Kernel Smoothing for Longitudinal Data and Semi-parametric Efficient Estimators
主 题: Kernel Smoothing for Longitudinal Data and Semi-parametric Efficient Estimators
报告人: Lu Wang (Department of biostatistics，Harvard University)
时 间: 2006-12-27 下午 1:00 - 2:00
地 点: 理科一号楼 1303
Longitudinal data analysis is challenged by the fact that observations from the same subject are likely to be correlated. In this situation, conventional profile-kernel method fails to yield a semi-parametric efficient estimator for the parametric coefficients in a semi-parametric model. Wang, Carroll and Lin proposed an iterative kernel generalized estimating equation (GEE) estimator, which accounts for within-cluster correlation and is more efficient.
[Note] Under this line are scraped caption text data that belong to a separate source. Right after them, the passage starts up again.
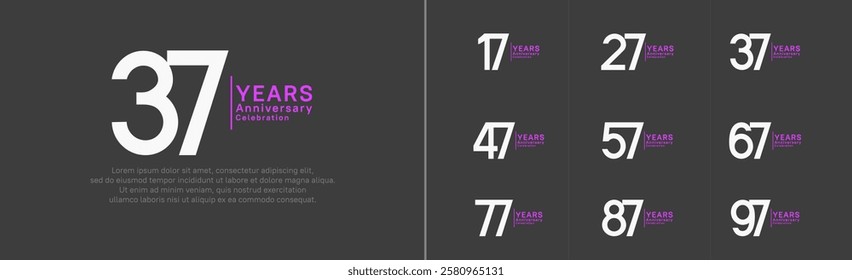 anniversary logo set. vector design white and purple color can be use for special moment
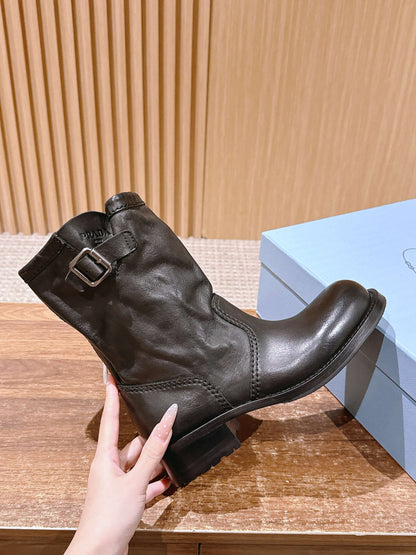 Prada Fall/Winter New Block-Heel Knight Boots, Black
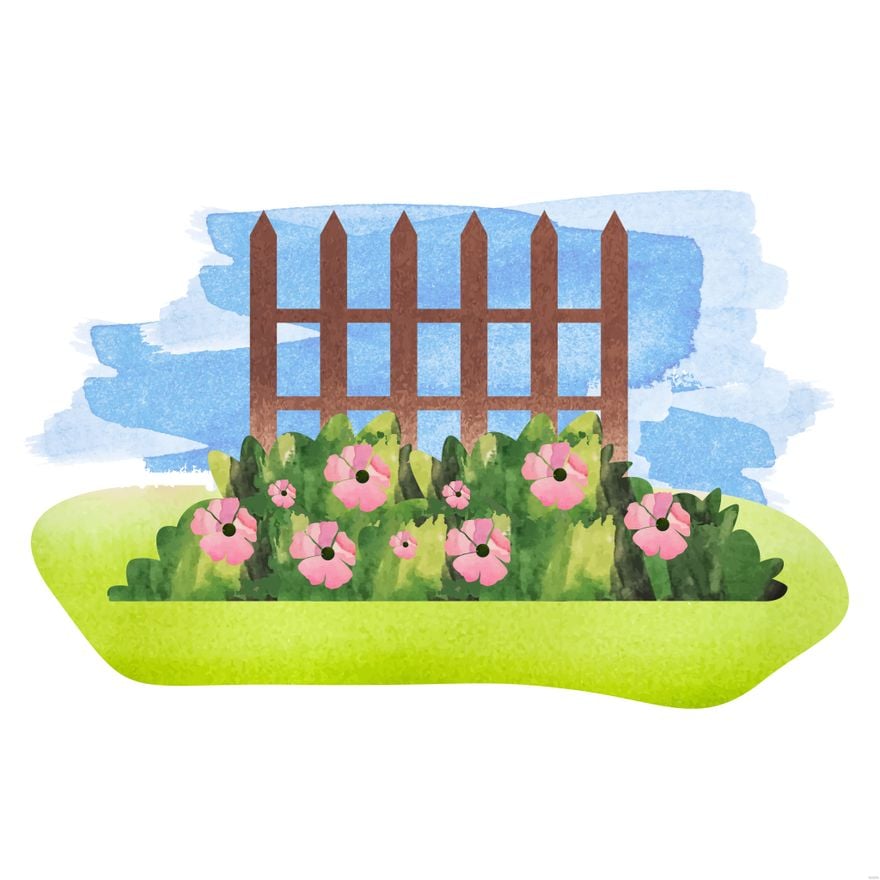 Free Watercolor Garden Illustration in Illustrator, EPS, SVG, JPG, PNG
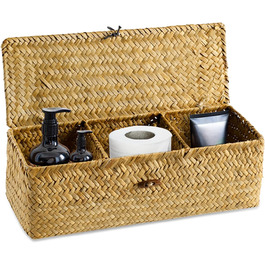 Rattan Woven Storage Basket, Storage Box with Lid, Seagrass, Laundry Baskets, Makeup Organizer for Bathroom, Living Room, Kitchen (Three Sections)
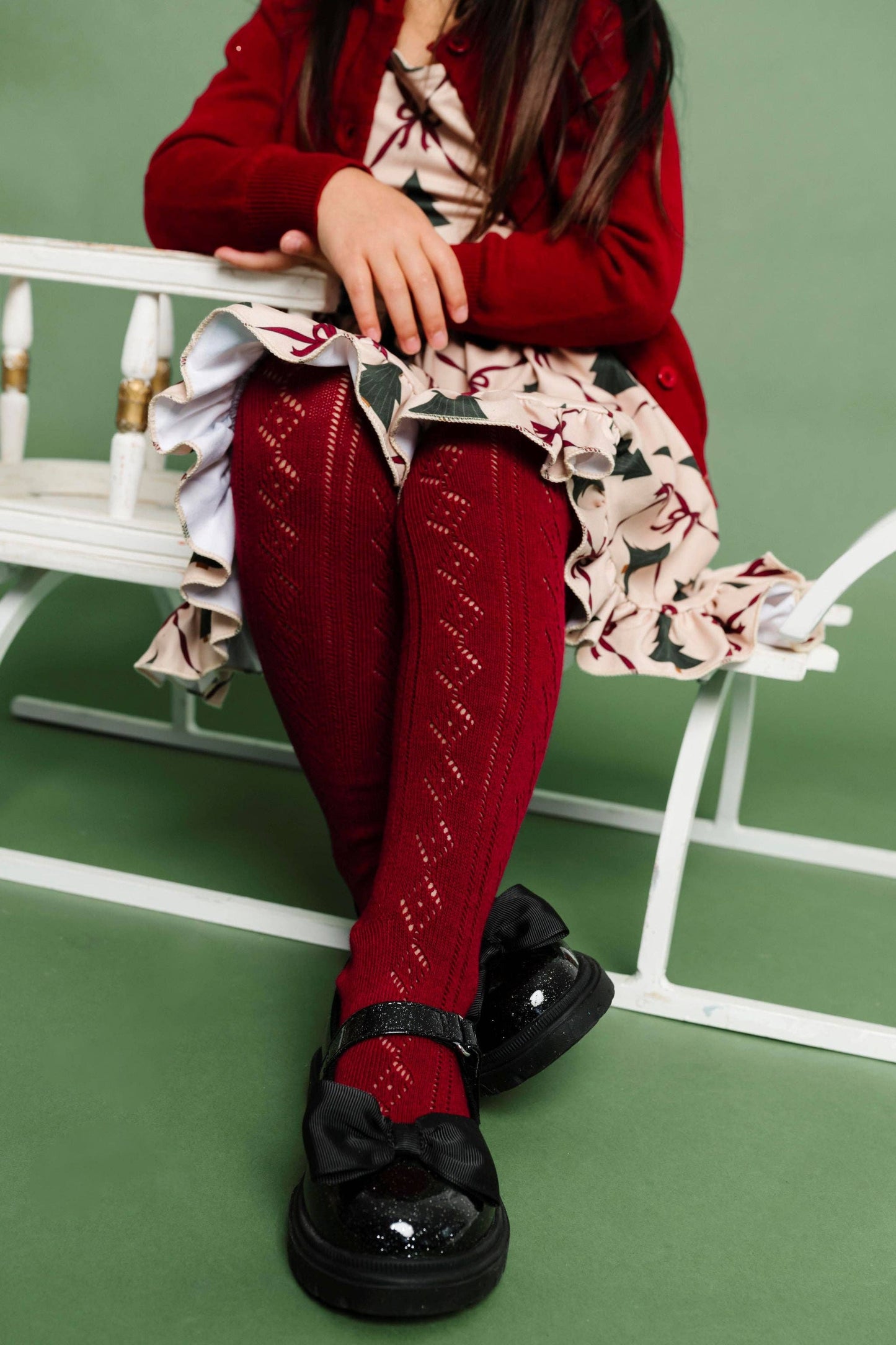 Fancy Knit Tights - Crimson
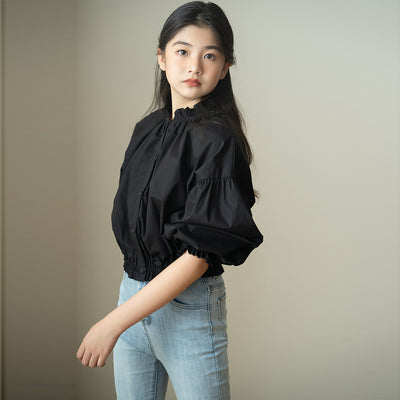 Ines Frill Neck Button Down Multi-way Top in Black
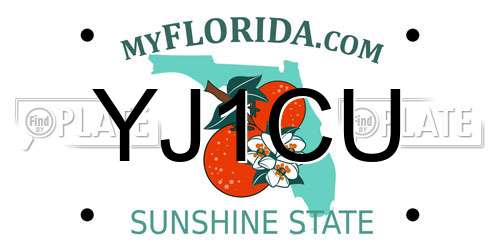 YJ1CU Florida License Plate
We recently derived the semi-parametric efficient score function and the semi-parametric information bound in general scenarios under the semi-parametric conditional mean model and showed that the iterative profile-kernel GEE estimator is actually semi-parametric efficient. In this talk, we will present different kernel smoothing techniques and discuss their performance when analyzing longitudinal or clustered data. We will also review the techniques for investigating semi-parametric efficiency and discuss the asymptotic properties for the iterative profile-kernel GEE estimator.
kernel smoothing; longitudinal/clustered data; generalized estimating equation; iterative kernel GEE estimator; semi-parametric efficient score; semi-parametric information bound.